Friday, May 25, 2012

In Memoriam

Those we love remain with us
For love itself lives on
And cherished memories never fade
Because a loved one's gone.
Those we love can never be
More than a thought apart
For as long as there is memory
They'll always live on in our hearts.
- Anonymous 

They stood taller than other monuments in the cemetery, reaching toward the sky as it transitioned from day to night, as blue gave way to gold and gray.

We had just been at St. Fidelis Church, better known as the Cathedral on the Plains. (More about that another day.) I had tucked my camera back in the bag and was about to open my book. But I caught a glimpse of the crosses to the right as we traveled toward I-70. 

We'd been to the cathedral before, though it had been several years. We'd been down this road before. But I'd never noticed the crosses.
We pulled into the cemetery, a plot tucked into a ripening wheat field on three sides, a landscape that was making its own subtle transition from green to gold, even as day faded to night.
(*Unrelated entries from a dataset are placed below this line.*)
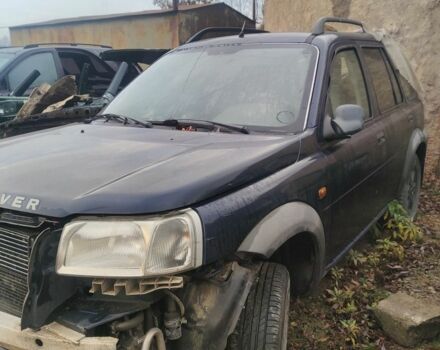 Синій Ленд Ровер Freelander, об'ємом двигуна 0 л та пробігом 450 тис. км за 1200 $, фото 2 на Automoto.ua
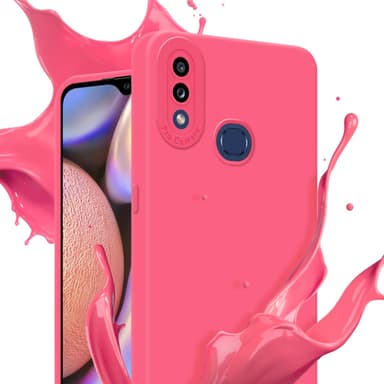 Samsung Galaxy A10s / M01s Suojakuori Kotelo (Punainen)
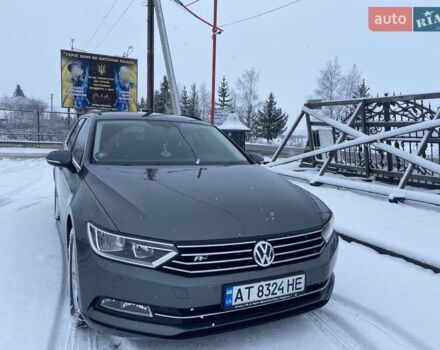 Серый Фольксваген Пассат, объемом двигателя 1.97 л и пробегом 240 тыс. км за 15999 $, фото 1 на Automoto.ua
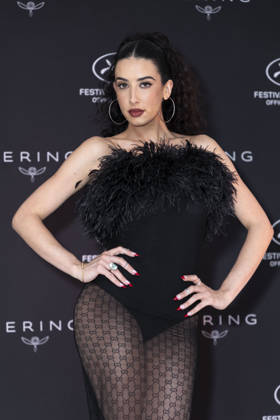 La chanteuse Naika Photocall of the Kering Women In Motion evening during the 79th Cannes International Film Festival on May 14, 2026 Olivier Borde Bestimage Photocall of the Kering Women in Motion, during the 79th Cannes International Film Festival on May 14, 2026 Cannes France  Copyright: xOLIVIERxBORDEx xBESTIMAGExOLIVIERxBORDEx xBESTIMAGEx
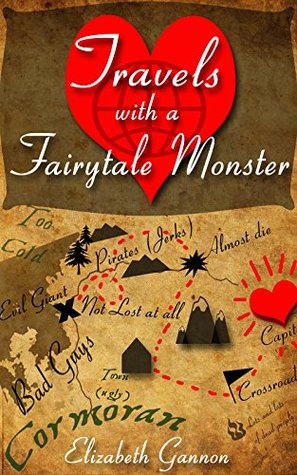 Cover of Travels With a Fairytale Monster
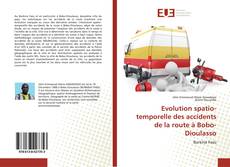 Copertina di Evolution spatio-temporelle des accidents de la route à Bobo-Dioulasso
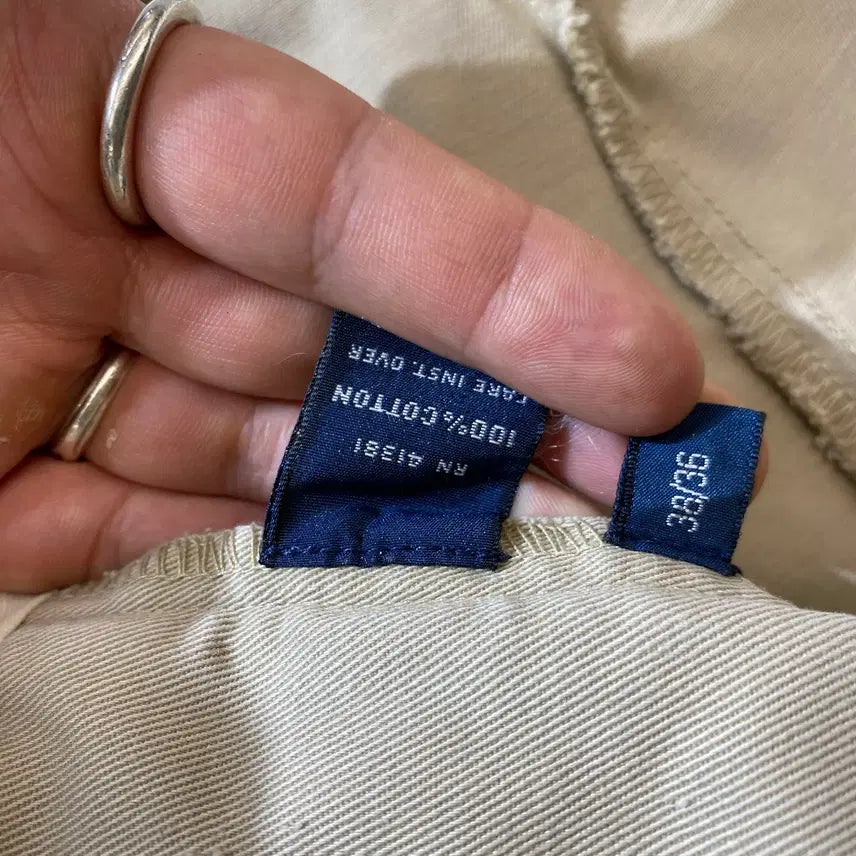 [SOLD OUT] [37-38] 90-00s Polo 폴로 랄프로렌 베이지 앤드류 치노팬츠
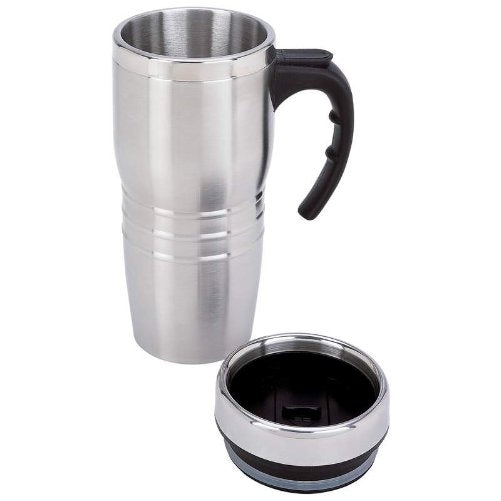 Maxam KTMUG16 Stainless Steel Tumbler, 16 oz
We began to wander among the markers. 
The faded centers tell a snippet of the story. The pioneers these monuments honor have birthdates from the 1800s and death dates in the next century. In 1876, Germans who were immigrating to Kansas from the Volga River region of Russia began to settle in Ellis County. The Germans were accustomed to the hard work associated with farming in their homeland, so they persevered despite brutal winters, drought and poor crops. Eventually, in 1913, their settlement called Herzog and the earlier-established town of Victoria grew together and merged as one.
There are 110 iron cross grave markers in St. Fidelis Cemetery. Because wood was available and less expensive than granite or marble, the first burial markers for the Volga-German pioneers were simple wooden crosses. But with the strong Kansas winds and storms rotting the wooden crosses, local blacksmiths began to craft wrought iron crosses. 
Although the techniques used by the blacksmiths varied from community to community in Ellis County, many of the crosses were made of twin steel pipes bent and joined to form the main structure of the cross and rounded off with U-shaped joints. Metal lattice work was created and welded between the pipes. The coils were made from a soft rod clamped into a vise and turned to fit a particular pattern. The decorative inserts were twisted rods or thin, flat metal. The hearts and other shapes were cut from tin and welded into place. (Information taken from the brochure, "Victoria, Kansas: Home of One of the 8 Wonders of Kansas."

Just a little further north, there's a cross enclosed in native limestone fence posts, which marks the original cemetery.
This Memorial Day weekend signals the unofficial start of summer. For many, it's a kickoff for summer rituals like barbecues and trips to the lake. This year, it may also usher wheat harvest into Central Kansas.

But no matter how busy we get with work or play, Memorial Day is also a time to remember those who came before us. It's a time to remember those who sacrificed their time and even their lives on battlefields in far-off lands to protect America's freedom.

It's a time to place flowers at family headstones and remember.
Jill - 1988
For it is in the remembering that we pay tribute to the past and look forward to the future with confidence.
Wishing you a wonderful Memorial Day weekend!


  1. A nice article and one to remember for all the sacrifices of those heroes!